§ **Prompt**
Each entry here needs to be given again exactly.

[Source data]
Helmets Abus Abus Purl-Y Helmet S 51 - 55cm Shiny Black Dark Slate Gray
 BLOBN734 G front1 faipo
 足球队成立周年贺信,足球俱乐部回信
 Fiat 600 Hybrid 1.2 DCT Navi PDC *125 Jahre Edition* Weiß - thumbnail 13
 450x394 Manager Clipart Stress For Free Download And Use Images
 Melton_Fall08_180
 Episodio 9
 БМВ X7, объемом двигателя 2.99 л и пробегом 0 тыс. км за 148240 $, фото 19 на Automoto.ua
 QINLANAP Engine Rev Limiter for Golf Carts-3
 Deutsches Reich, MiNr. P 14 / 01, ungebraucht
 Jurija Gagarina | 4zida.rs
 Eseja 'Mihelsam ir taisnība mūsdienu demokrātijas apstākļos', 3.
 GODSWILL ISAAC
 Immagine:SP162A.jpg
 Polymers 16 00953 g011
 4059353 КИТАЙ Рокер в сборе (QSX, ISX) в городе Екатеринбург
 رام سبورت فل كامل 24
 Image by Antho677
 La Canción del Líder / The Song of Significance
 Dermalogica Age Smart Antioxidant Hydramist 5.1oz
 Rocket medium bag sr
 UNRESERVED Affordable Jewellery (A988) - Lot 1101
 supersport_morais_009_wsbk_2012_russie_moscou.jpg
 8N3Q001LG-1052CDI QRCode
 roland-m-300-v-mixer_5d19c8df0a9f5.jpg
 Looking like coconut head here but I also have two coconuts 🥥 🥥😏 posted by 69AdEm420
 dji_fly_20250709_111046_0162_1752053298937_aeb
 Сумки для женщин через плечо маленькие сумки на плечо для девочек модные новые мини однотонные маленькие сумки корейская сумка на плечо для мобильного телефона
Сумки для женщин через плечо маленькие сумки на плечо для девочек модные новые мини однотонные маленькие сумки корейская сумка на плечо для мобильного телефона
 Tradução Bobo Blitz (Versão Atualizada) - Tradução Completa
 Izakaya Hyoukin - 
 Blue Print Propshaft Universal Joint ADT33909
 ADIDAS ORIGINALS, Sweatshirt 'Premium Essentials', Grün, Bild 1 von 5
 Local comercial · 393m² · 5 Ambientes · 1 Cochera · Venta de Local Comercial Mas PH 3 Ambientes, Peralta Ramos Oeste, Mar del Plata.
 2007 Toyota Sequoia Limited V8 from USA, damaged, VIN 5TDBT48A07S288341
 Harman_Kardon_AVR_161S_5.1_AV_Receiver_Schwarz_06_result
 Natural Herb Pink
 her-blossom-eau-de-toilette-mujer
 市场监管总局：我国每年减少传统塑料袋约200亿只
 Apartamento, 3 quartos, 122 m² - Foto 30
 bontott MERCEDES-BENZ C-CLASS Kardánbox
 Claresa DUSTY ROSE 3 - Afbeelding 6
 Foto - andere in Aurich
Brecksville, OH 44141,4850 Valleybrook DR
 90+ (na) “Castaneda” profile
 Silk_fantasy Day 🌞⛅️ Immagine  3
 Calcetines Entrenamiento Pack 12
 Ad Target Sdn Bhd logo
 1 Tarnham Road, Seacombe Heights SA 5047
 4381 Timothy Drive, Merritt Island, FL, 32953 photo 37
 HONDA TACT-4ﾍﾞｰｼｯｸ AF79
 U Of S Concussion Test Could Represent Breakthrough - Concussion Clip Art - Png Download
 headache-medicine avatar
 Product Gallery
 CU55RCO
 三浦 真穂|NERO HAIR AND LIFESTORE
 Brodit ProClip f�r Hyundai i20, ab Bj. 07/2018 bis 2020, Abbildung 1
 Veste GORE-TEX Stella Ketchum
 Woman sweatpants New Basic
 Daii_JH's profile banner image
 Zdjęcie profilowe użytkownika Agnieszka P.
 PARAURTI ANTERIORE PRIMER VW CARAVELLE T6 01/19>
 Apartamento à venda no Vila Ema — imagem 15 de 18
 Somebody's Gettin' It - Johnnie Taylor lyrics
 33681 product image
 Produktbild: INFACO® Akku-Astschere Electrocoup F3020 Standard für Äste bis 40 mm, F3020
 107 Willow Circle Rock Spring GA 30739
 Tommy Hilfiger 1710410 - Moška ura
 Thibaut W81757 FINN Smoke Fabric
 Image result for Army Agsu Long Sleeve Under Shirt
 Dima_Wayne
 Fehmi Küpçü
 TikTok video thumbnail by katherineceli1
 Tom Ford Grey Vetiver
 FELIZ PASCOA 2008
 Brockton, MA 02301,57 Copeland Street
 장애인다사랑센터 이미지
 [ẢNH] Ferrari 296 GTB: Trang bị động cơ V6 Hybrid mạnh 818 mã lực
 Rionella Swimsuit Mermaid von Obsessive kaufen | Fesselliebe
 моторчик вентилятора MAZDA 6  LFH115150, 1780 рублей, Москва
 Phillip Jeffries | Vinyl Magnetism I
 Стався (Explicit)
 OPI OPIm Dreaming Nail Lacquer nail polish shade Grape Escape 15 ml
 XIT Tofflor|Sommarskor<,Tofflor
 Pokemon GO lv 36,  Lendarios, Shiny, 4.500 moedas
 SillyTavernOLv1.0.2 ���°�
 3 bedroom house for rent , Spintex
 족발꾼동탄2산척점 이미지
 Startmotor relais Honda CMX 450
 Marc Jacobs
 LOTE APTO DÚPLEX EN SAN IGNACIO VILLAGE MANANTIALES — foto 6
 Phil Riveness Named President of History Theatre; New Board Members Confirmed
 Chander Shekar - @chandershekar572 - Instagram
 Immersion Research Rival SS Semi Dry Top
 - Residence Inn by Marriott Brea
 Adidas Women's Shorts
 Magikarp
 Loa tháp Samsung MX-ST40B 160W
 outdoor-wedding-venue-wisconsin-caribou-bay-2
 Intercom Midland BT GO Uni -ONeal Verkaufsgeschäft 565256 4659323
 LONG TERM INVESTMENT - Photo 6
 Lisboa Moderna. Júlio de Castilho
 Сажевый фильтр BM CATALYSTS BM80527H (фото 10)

§ **Response below**
Helmets Abus Abus Purl-Y Helmet S 51 - 55cm Shiny Black Dark Slate Gray
 BLOBN734 G front1 faipo
 足球队成立周年贺信,足球俱乐部回信
 Fiat 600 Hybrid 1.2 DCT Navi PDC *125 Jahre Edition* Weiß - thumbnail 13
 450x394 Manager Clipart Stress For Free Download And Use Images
 Melton_Fall08_180
 Episodio 9
 БМВ X7, объемом двигателя 2.99 л и пробегом 0 тыс. км за 148240 $, фото 19 на Automoto.ua
 QINLANAP Engine Rev Limiter for Golf Carts-3
 Deutsches Reich, MiNr. P 14 / 01, ungebraucht
 Jurija Gagarina | 4zida.rs
 Eseja 'Mihelsam ir taisnība mūsdienu demokrātijas apstākļos', 3.
 GODSWILL ISAAC
 Immagine:SP162A.jpg
 Polymers 16 00953 g011
 4059353 КИТАЙ Рокер в сборе (QSX, ISX) в городе Екатеринбург
 رام سبورت فل كامل 24
 Image by Antho677
 La Canción del Líder / The Song of Significance
 Dermalogica Age Smart Antioxidant Hydramist 5.1oz
 Rocket medium bag sr
 UNRESERVED Affordable Jewellery (A988) - Lot 1101
 supersport_morais_009_wsbk_2012_russie_moscou.jpg
 8N3Q001LG-1052CDI QRCode
 roland-m-300-v-mixer_5d19c8df0a9f5.jpg
 Looking like coconut head here but I also have two coconuts 🥥 🥥😏 posted by 69AdEm420
 dji_fly_20250709_111046_0162_1752053298937_aeb
 Сумки для женщин через плечо маленькие сумки на плечо для девочек модные новые мини однотонные маленькие сумки корейская сумка на плечо для мобильного телефона
Сумки для женщин через плечо маленькие сумки на плечо для девочек модные новые мини однотонные маленькие сумки корейская сумка на плечо для мобильного телефона
 Tradução Bobo Blitz (Versão Atualizada) - Tradução Completa
 Izakaya Hyoukin - 
 Blue Print Propshaft Universal Joint ADT33909
 ADIDAS ORIGINALS, Sweatshirt 'Premium Essentials', Grün, Bild 1 von 5
 Local comercial · 393m² · 5 Ambientes · 1 Cochera · Venta de Local Comercial Mas PH 3 Ambientes, Peralta Ramos Oeste, Mar del Plata.
 2007 Toyota Sequoia Limited V8 from USA, damaged, VIN 5TDBT48A07S288341
 Harman_Kardon_AVR_161S_5.1_AV_Receiver_Schwarz_06_result
 Natural Herb Pink
 her-blossom-eau-de-toilette-mujer
 市场监管总局：我国每年减少传统塑料袋约200亿只
 Apartamento, 3 quartos, 122 m² - Foto 30
 bontott MERCEDES-BENZ C-CLASS Kardánbox
 Claresa DUSTY ROSE 3 - Afbeelding 6
 Foto - andere in Aurich
Brecksville, OH 44141,4850 Valleybrook DR
 90+ (na) “Castaneda” profile
 Silk_fantasy Day 🌞⛅️ Immagine  3
 Calcetines Entrenamiento Pack 12
 Ad Target Sdn Bhd logo
 1 Tarnham Road, Seacombe Heights SA 5047
 4381 Timothy Drive, Merritt Island, FL, 32953 photo 37
 HONDA TACT-4ﾍﾞｰｼｯｸ AF79
 U Of S Concussion Test Could Represent Breakthrough - Concussion Clip Art - Png Download
 headache-medicine avatar
 Product Gallery
 CU55RCO
 三浦 真穂|NERO HAIR AND LIFESTORE
 Brodit ProClip f�r Hyundai i20, ab Bj. 07/2018 bis 2020, Abbildung 1
 Veste GORE-TEX Stella Ketchum
 Woman sweatpants New Basic
 Daii_JH's profile banner image
 Zdjęcie profilowe użytkownika Agnieszka P.
 PARAURTI ANTERIORE PRIMER VW CARAVELLE T6 01/19>
 Apartamento à venda no Vila Ema — imagem 15 de 18
 Somebody's Gettin' It - Johnnie Taylor lyrics
 33681 product image
 Produktbild: INFACO® Akku-Astschere Electrocoup F3020 Standard für Äste bis 40 mm, F3020
 107 Willow Circle Rock Spring GA 30739
 Tommy Hilfiger 1710410 - Moška ura
 Thibaut W81757 FINN Smoke Fabric
 Image result for Army Agsu Long Sleeve Under Shirt
 Dima_Wayne
 Fehmi Küpçü
 TikTok video thumbnail by katherineceli1
 Tom Ford Grey Vetiver
 FELIZ PASCOA 2008
 Brockton, MA 02301,57 Copeland Street
 장애인다사랑센터 이미지
 [ẢNH] Ferrari 296 GTB: Trang bị động cơ V6 Hybrid mạnh 818 mã lực
 Rionella Swimsuit Mermaid von Obsessive kaufen | Fesselliebe
 моторчик вентилятора MAZDA 6  LFH115150, 1780 рублей, Москва
 Phillip Jeffries | Vinyl Magnetism I
 Стався (Explicit)
 OPI OPIm Dreaming Nail Lacquer nail polish shade Grape Escape 15 ml
 XIT Tofflor|Sommarskor<,Tofflor
 Pokemon GO lv 36,  Lendarios, Shiny, 4.500 moedas
 SillyTavernOLv1.0.2 ���°�
 3 bedroom house for rent , Spintex
 족발꾼동탄2산척점 이미지
 Startmotor relais Honda CMX 450
 Marc Jacobs
 LOTE APTO DÚPLEX EN SAN IGNACIO VILLAGE MANANTIALES — foto 6
 Phil Riveness Named President of History Theatre; New Board Members Confirmed
 Chander Shekar - @chandershekar572 - Instagram
 Immersion Research Rival SS Semi Dry Top
 - Residence Inn by Marriott Brea
 Adidas Women's Shorts
 Magikarp
 Loa tháp Samsung MX-ST40B 160W
 outdoor-wedding-venue-wisconsin-caribou-bay-2
 Intercom Midland BT GO Uni -ONeal Verkaufsgeschäft 565256 4659323
 LONG TERM INVESTMENT - Photo 6
 Lisboa Moderna. Júlio de Castilho
 Сажевый фильтр BM CATALYSTS BM80527H (фото 10)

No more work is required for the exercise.